Tuesday, 27 October 2015

Branded Mild in 1953

Boak and Bailey reminded me of a source I’d neglected with a recent tweet. The Brewery Manual, a trade publication full of factual information. Right down my street.

Luckily, I could recall where I’d stashed my copies. Even better, one was from the 1950’s, the current focus of my obsession. I quickly got scanning. In particular a section I hadn’t noticed until Boak and Bailey pointed it out: a list of beer brand names.

Having spent a decade or more picking through analyses and looking at labels, most names aren’t new to me. A couple I’ve even drunk. Amongst the draught beers there are a few unfamiliar ones. And even amongst those I knew, there are those I would struggle to pin a style on.

I was slightly surprised to see so many branded Mild ales. Brewers often gave their Bitter a fancy name like London Pride, while imaginatively marketing their Mild as Mild. I will add one caveat: some of the classifications are rather, well, eccentric. Trubrown – Truman’s Brown Ale – is called a “Dark Ale” for some reason.

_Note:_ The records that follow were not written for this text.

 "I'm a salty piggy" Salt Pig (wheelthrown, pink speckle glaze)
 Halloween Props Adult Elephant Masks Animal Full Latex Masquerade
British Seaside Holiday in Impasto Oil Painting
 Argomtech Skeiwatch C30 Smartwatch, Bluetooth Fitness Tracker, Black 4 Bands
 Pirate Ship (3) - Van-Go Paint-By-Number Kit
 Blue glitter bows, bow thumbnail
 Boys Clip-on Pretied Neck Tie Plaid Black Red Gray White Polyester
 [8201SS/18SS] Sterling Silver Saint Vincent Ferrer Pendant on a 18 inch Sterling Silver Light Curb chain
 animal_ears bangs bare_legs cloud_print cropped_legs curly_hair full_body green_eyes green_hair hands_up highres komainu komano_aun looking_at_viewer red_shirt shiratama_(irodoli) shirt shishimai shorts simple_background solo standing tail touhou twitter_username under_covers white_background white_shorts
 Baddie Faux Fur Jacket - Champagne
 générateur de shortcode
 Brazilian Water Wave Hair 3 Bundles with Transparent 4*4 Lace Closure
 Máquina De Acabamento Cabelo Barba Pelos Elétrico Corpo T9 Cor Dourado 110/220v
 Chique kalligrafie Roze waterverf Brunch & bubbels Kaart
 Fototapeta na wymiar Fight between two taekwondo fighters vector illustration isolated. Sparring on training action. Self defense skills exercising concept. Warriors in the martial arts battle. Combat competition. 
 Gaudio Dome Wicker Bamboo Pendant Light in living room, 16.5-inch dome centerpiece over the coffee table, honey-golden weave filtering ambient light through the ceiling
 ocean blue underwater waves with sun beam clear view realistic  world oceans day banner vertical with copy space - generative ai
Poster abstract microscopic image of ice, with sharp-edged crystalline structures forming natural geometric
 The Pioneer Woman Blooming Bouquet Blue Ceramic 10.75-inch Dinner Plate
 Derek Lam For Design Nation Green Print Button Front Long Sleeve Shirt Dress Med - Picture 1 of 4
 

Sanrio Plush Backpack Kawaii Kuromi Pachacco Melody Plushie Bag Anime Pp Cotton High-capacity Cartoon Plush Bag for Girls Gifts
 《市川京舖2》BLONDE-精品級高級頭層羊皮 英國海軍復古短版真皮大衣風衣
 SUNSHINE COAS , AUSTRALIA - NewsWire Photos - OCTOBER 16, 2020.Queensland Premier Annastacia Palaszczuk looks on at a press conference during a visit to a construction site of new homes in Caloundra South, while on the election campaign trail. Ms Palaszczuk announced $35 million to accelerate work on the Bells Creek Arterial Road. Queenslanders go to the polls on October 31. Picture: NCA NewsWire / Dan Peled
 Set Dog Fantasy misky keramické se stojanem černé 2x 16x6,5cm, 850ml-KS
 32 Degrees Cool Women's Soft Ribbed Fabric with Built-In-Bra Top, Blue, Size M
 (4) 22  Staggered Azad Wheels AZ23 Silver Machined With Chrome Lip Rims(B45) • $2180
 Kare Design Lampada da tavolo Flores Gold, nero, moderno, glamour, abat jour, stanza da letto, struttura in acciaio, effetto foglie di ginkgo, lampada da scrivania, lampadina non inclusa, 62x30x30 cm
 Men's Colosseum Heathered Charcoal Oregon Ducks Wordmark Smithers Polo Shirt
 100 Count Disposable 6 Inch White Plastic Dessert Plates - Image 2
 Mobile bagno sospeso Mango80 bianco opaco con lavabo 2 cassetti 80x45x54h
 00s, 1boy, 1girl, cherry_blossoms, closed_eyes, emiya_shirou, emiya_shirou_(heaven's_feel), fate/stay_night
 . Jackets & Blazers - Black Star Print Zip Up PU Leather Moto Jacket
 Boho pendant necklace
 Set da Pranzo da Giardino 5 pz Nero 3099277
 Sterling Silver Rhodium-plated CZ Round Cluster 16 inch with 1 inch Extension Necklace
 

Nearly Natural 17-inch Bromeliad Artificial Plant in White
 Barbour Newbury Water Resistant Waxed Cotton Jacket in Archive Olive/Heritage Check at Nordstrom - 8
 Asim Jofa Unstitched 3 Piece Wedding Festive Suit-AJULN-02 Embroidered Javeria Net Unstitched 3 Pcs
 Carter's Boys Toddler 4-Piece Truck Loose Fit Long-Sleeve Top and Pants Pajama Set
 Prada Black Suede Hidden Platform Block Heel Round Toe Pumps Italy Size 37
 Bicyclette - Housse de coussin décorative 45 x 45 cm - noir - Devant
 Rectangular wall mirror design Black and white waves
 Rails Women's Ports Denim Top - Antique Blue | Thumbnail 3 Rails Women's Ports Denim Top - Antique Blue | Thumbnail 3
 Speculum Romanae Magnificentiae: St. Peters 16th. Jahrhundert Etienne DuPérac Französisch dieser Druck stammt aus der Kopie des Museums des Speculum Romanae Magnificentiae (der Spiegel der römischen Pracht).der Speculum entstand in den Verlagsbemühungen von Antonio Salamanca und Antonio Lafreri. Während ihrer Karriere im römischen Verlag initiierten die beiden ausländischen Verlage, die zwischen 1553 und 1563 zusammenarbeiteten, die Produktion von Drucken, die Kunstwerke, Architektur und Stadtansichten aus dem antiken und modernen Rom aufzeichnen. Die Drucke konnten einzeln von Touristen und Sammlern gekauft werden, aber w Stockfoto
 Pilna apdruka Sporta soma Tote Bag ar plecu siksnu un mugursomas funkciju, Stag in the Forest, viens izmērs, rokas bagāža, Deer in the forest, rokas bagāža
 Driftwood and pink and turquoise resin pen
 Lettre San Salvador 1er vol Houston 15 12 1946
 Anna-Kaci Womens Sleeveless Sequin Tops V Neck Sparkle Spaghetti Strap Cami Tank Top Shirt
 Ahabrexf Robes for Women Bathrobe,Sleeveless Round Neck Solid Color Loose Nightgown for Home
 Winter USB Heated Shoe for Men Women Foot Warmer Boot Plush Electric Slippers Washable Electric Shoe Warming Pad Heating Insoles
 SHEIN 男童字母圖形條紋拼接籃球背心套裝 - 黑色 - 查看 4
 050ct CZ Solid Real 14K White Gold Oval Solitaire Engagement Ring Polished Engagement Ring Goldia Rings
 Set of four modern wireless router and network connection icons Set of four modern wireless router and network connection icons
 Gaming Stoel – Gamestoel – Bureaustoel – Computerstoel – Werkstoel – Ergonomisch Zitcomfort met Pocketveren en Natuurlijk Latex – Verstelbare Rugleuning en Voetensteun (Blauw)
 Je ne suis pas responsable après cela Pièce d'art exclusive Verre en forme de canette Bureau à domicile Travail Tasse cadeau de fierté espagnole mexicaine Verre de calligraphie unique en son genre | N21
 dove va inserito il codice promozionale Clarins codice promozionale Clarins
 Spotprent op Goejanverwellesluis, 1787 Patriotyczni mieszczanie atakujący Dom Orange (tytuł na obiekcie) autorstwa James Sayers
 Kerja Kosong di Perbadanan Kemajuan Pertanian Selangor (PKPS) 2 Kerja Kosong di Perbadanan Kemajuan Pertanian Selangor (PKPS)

The beers come from all over the country. I was particularly surprised to see some from areas not traditionally that strong on Mild, such as South Yorkshire. Other points? Interesting to see Heavy used as a term for Mild. Plymouth Heavy is the only example I’d ever come across before.

I’d always considered Old Harry a Strong Brown Ale. Though it was parti-gyled with Mild. And there were several other beers called Amber Ale in the table, but only this one is classed as  Mild. Not the most consistent system they employed.

Anyway, here’s the table:

Branded Mild in 1953
Brewery Beer Type
Everards Brewery Old Bill's Brew Best Mild
Higson's Brewery Trojan Best mild and draught
W. Butler & Co. Molineux Bottled Mild Ale
S. A. Brain & Co. Red Dragon Dark Mild
Fuller, Smith & Turner Hock Draught Mild
B. Cunningham Golden Malt Mild
H. & G. Simonds Heavy Mild
H. & G. Simonds London Heavy Mild
Tennant Brothers Fltzalan Mild
Thomas Ramsden & Son  Stone Trough  Mild
Ind Coope & Allsopp John Bull Mild Ale
Nottingham Brewery Rock Mild Ale
Richard Whitaker & Sons Strong Shire Mild Ale
W. Butler & Co. Amber Ale Mild Ale
Fuller, Smith & Turner Old Harry Mild Ale, bottled
Norman & Pring City Special Mild Ale, bottled
Taylor, Walker & Co. Main Line Mild Ale, Cask
Buckley's Brewery Stradey Ale Mild, bottled
Duncan, Gilmour & Co. Crown Ale Mild, bottled
Timothy Taylor & Co. Northerner No. 1 Mild Ale
Wolverhampton & Dudley Fox Strong Mild Ale
Duncan Gilmour & Co. Hallamshlre Strong Mild draught
Duncan Gilmour & Co. Balaclava Strong mild, bottled
G. Ruddle & Co. Old Bob Strong Mild, bottled
Brewery Manual 1953-1954, pages 382 - 394.

Any guesse whjich is the one I've drunk?

Plenty more still where this came from.


Anonymous said...

Nottingham Ron ???

Cheers, Benj65.

Anonymous said...

Ron , Nottingham brewery Rock mild is still being brewed. a small brewery bought the rights to the name Nottingham Brewery and with them came piles of records .

qq said...

In fact Simonds were brewing the original Plymouth Heavy - kind of. See https://books.google.co.uk/books?id=R1GoAwAAQBAJ&pg=PA49-IA57

In short - Heavy originated with the Tamar brewery by the dockyard which was known for its dark beers, whereas the Regent brewery was known for its pales. Tamar was bought by Simonds in 1919, Courage bought Simonds in 1960 and Plymouth Breweries (including the Regent) in 1970. Tamar was shut down in 1975 and Heavy transferred to the Regent. It sounds like a bit of a forgotten corner of the Courage empire that was largely left to do things the old way without too much interference from head office - with open fermenters, wooden casks and dray horses, it sounds a West Country equivalent of Sam Smith? Heavy was 1.032 og and coloured with roast barley rather than caramel, which contributed to the distinctive taste.

No idea what London Heavy was though.